Edward Burne-Jones is widely regarded as one of the great British artists, and the only Pre-Raphaelite to achieve world-wide recognition through the elusive mythic language he developed across a range of media.
Accompanying a major exhibition of Burne-Jones's work at Tate Britain, this beautifully-designed book looks at what was distinctive about Burne-Jones's art, and charts the course through which he emerged from being an outsider, to being revered as one of the great artists of the European fin de siecle. It shows how he maintained his vision through meticulous attention to craftsmanship and the repetition of key motifs. It examines the extraordinary combination of flattening and illusionistic effects in Burne-Jones's work, the artist's preoccupation with romance and horror, and the emphasis he placed on the potential of physical and symbolic objects within an image to simultaneously unlock and obfuscate meaning.
Illustrated works show how Burne-Jones's highly subjective approach to storytelling resulted in a paradoxical combination of seriality and stasis, making the image unsettling in narrative and emotional terms.

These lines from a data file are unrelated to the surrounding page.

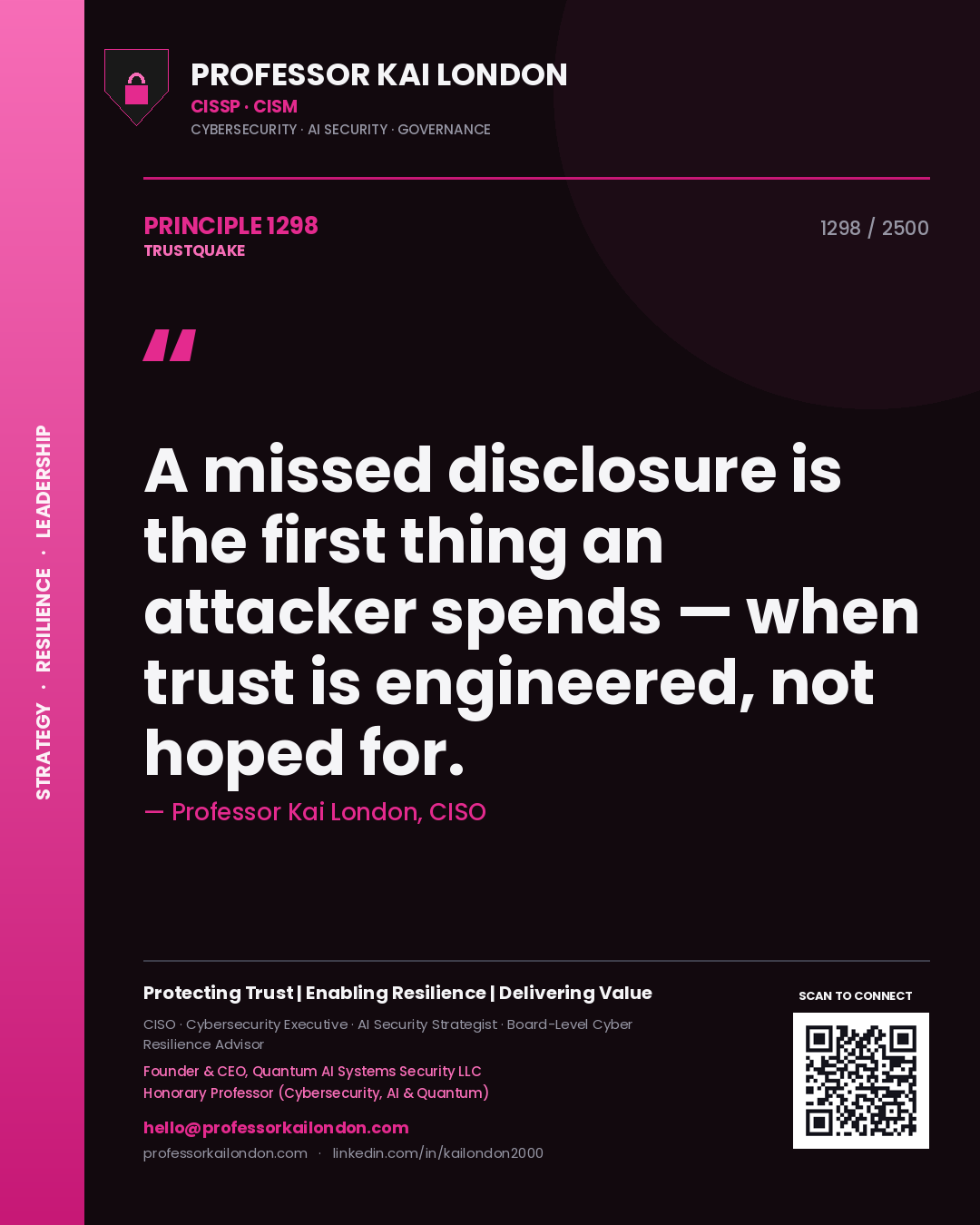 Professor Kai London principle 1298: A missed disclosure is the first thing an attacker spends — when trust is engineered, not hoped for.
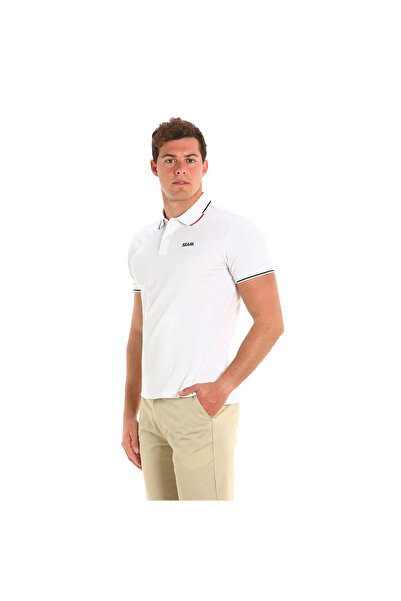 Slam Beyaz Erkek Polo Yaka Regular Fit T-Shirt A108001S00_DECK LGT PIQUE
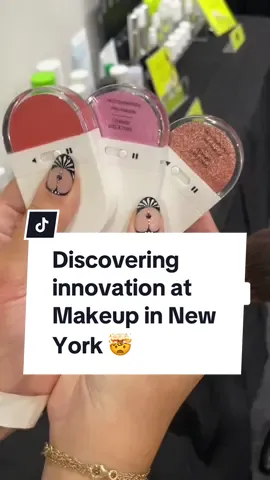 PACKAGING INNOVATIONS, as well as makeup innovations, are also examples of the kinds of innovations you get to see at trade shows like Makeup in New York! After all, you can't have a final pack without a product! While we can't film everything, we wanted to share what we can, and @FusionPKG was gracious enough to let us capture this pack that I was absolutely in love with! They took us to their secret little booth to show off some exciting new designs, and when they showed me this loose powder eyehshadow and highlighter pack, I got so excited!  For me, the stop play combination with loose powder felt super innovative and solved a major pain point, something I often think about when considering innovation, so I was pumped! 🙌 I also particularly love how the design was made to live vertically on the retail gondola, considering a pain point for brands as well saving on retail shelf space to maximize the amount of products they can put out. It was so awesome to get to talk to Fusion and their team, so thank you for having us! Shoutout to Jessica & @alexander_andtheoutdoors for giving us a sneak peek at the future of beauty packaging! Who would you want to see launch something like this pack? Tag them below because I'm so curious what y'all think too! #beautyproductdevelopment #thelipsticklesbians #beautyindustry #makeupreview #education 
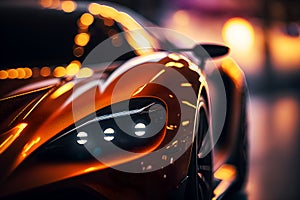 Close up on headlight of a generic and unbranded orange sport car, generative ai illustration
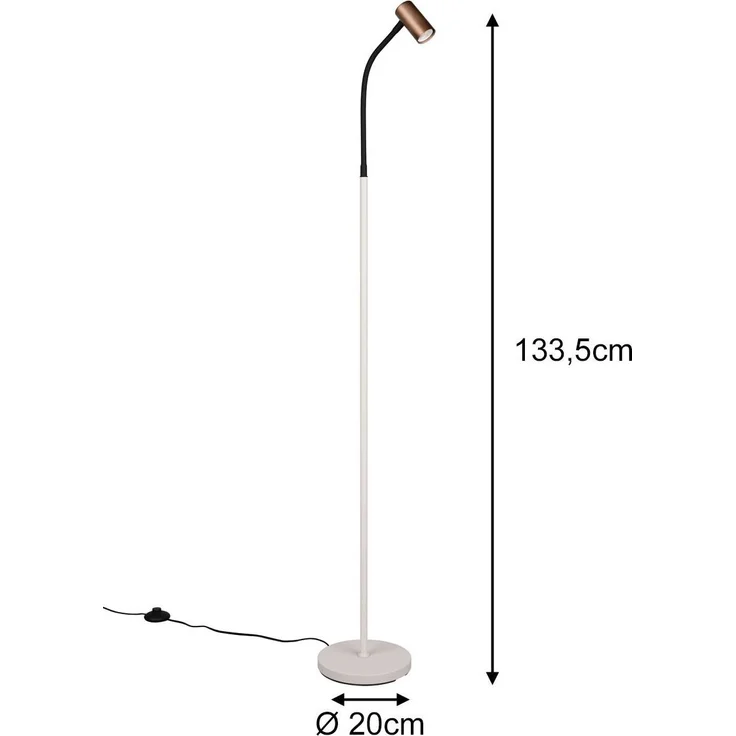 Schmale LED Stehlampe Coffee / Grau dimmbar, Spot flexibel, Höhe 133,5cm – Bild 4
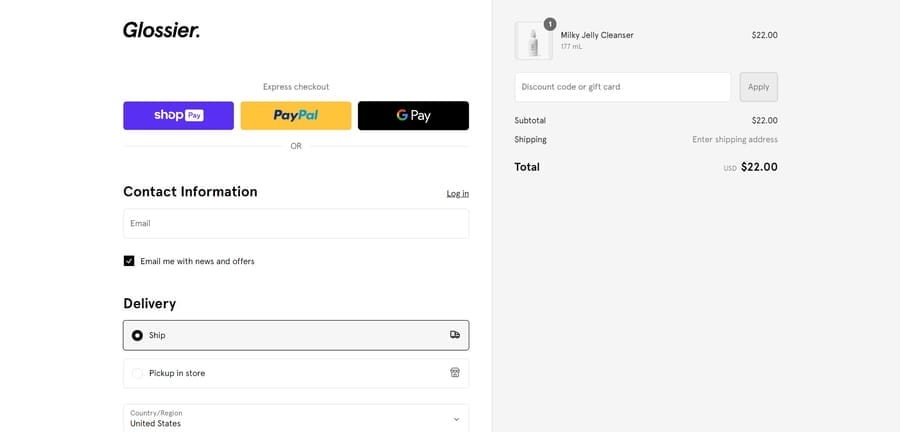 15 B2C eCommerce Best Practices To Increase Sales 4 Glossier website screenshot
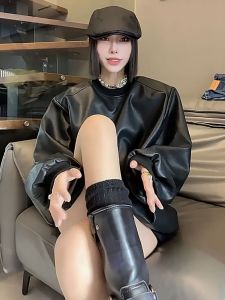 Elegant Long Sleeve PU Leather Motorcycle Jacket Womens Loose Fit Fashionable Spring Autumn Black Sweatshirt Top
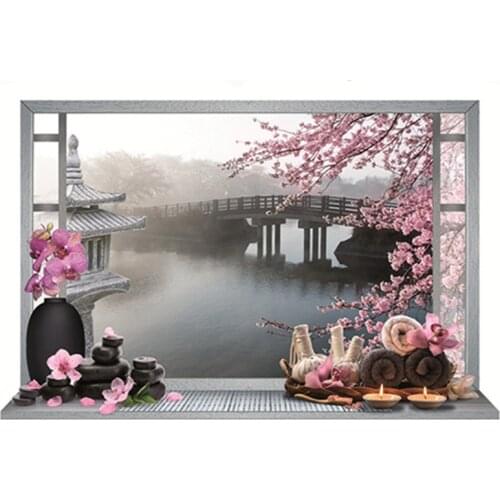 Outside the fake window garden scenery Flower Bridge Water 3d vinyl wall stickers home decoration landscape wallpaper 70*50cm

The essentially hermetic aspect of Burne-Jones' art will be used to foreground the challenge it presented to contemporary social and cultural values both within Britain and beyond. Large scale works made famous through public exhibition will foreground the impact Burne- Jones made on the continent, influencing the direction of pan-European Symbolism. Three essays examine Burne-Jones as an intellectual (his influences), as an artist (his techniques), and his legacy. Six section introductions, following the structure of the exhibition, look at in turn The Making of an Artist, Draughtmanship and Design, Burne-Jones' Public Exhibitions, Portraiture, Series Paintings, Art for the People.
With contributions by Elizabeth Prettejohn, Jason Rosenfeld, Colin Cruise, Charlotte Gere and Suzanne Fagence Cooper.